What is needed is an exact copy of the lines from the start of the records below through the line with "This video demonstrates", without the pictures.

+---+

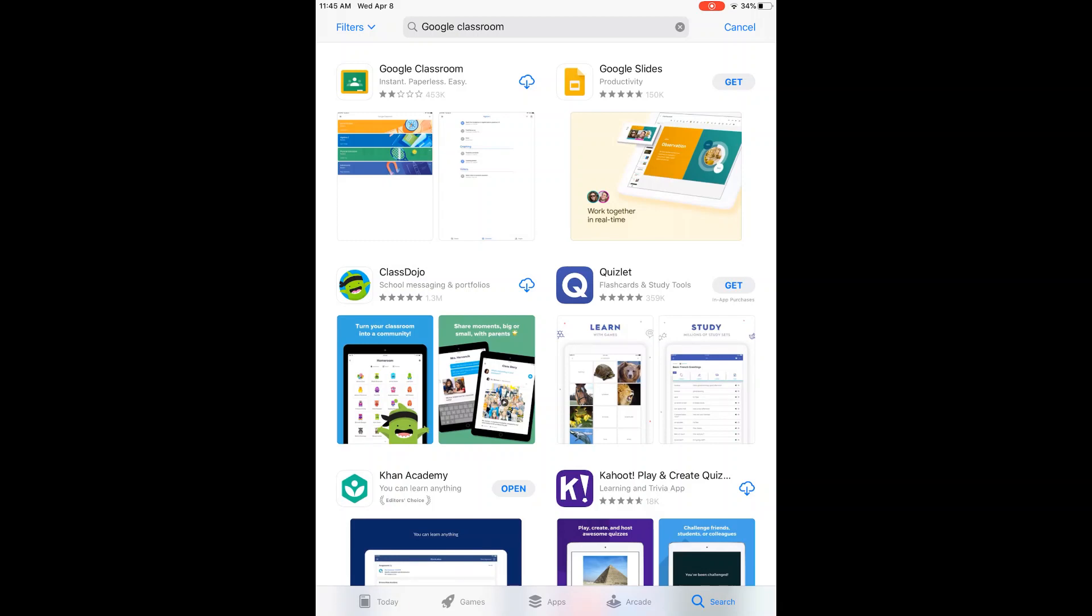You may have the word 'get' instead of the cloud like I have. I've actually already downloaded this once, so it's saved to my cloud.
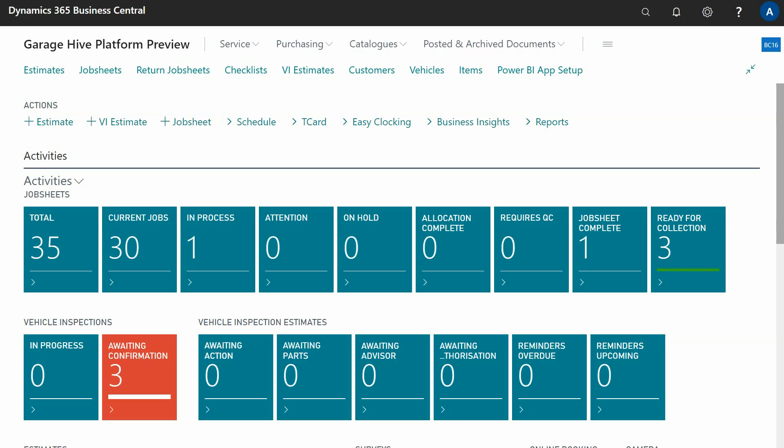This video demonstrates how to create your own checklists within Garage Hive. This is a relatively complex process, which we appreciate, and we do plan on simplifying it. In addition, we offer a checklist building service, so if you send the support team a checklist, we can give you a price for getting it converted into Garage Hive.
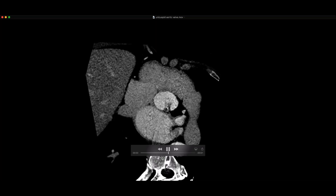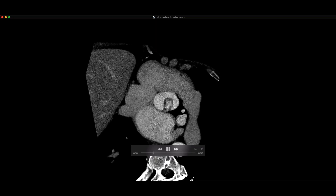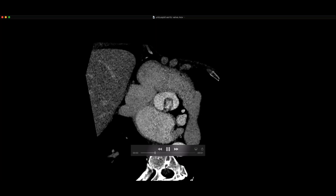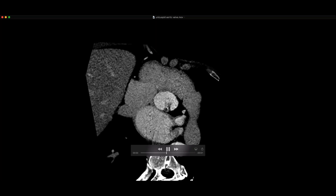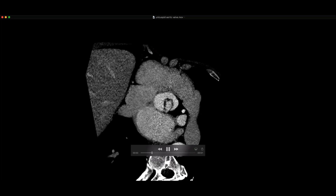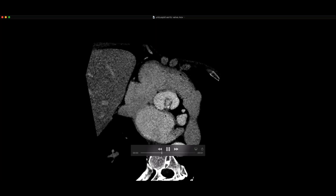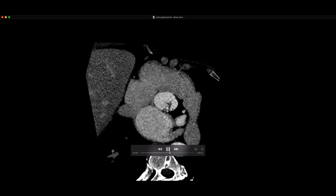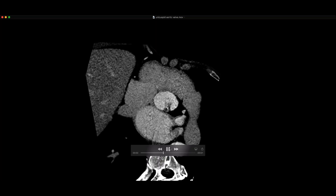These unicuspid valves tend to develop aortic stenosis relatively early. This was on a TAVR planning CT. The question was whether they could possibly do TAVR here, or would placing a valve over this somehow rupture things. Apparently they're going to go ahead and do it — they've done it before. They used to have a preference not doing TAVR on bicuspid and unicuspid valves, but now more and more they're doing TAVR in those valves.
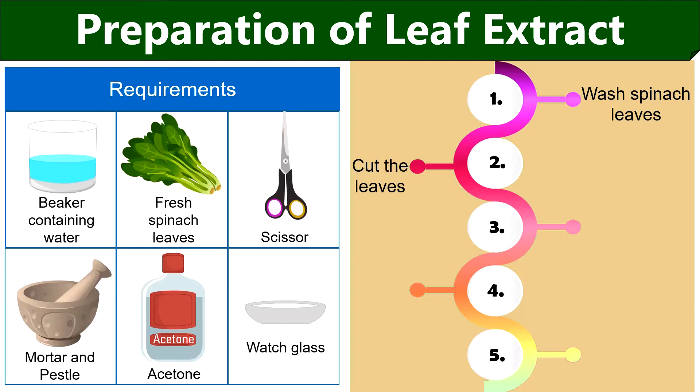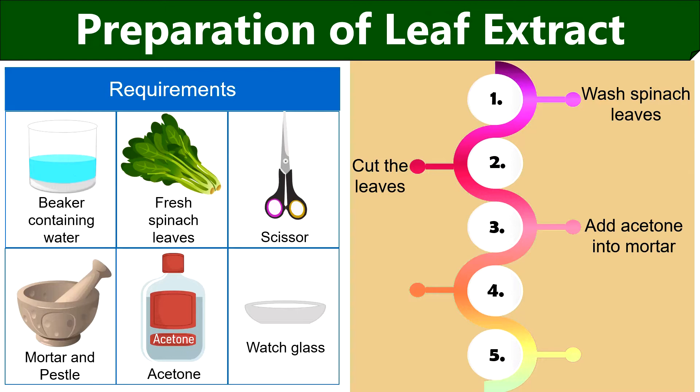Then cut the spinach leaves using scissor into the mortar. After that, add a little volume of acetone into the mortar. Here acetone is used because it gives high resolution of molecules between the absorbent paper. Then crush the leaves using pestle until a liquid paste forms.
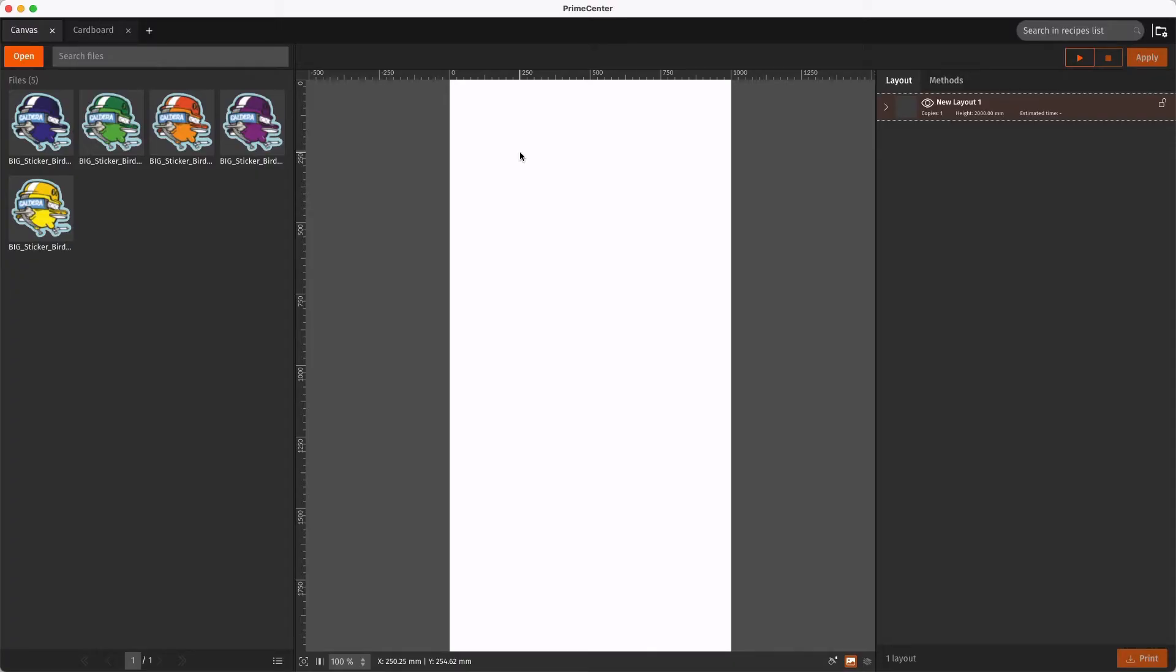In PrimeCenter, there are several ways to apply a Preflight Profile to a PDF file. In this video, we will focus on applying a Preflight Profile to an input PDF file, first manually, then automatically.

+---+

# Result of this task
You may have the word 'get' instead of the cloud like I have. I've actually already downloaded this once, so it's saved to my cloud.
This video demonstrates how to create your own checklists within Garage Hive. This is a relatively complex process, which we appreciate, and we do plan on simplifying it. In addition, we offer a checklist building service, so if you send the support team a checklist, we can give you a price for getting it converted into Garage Hive.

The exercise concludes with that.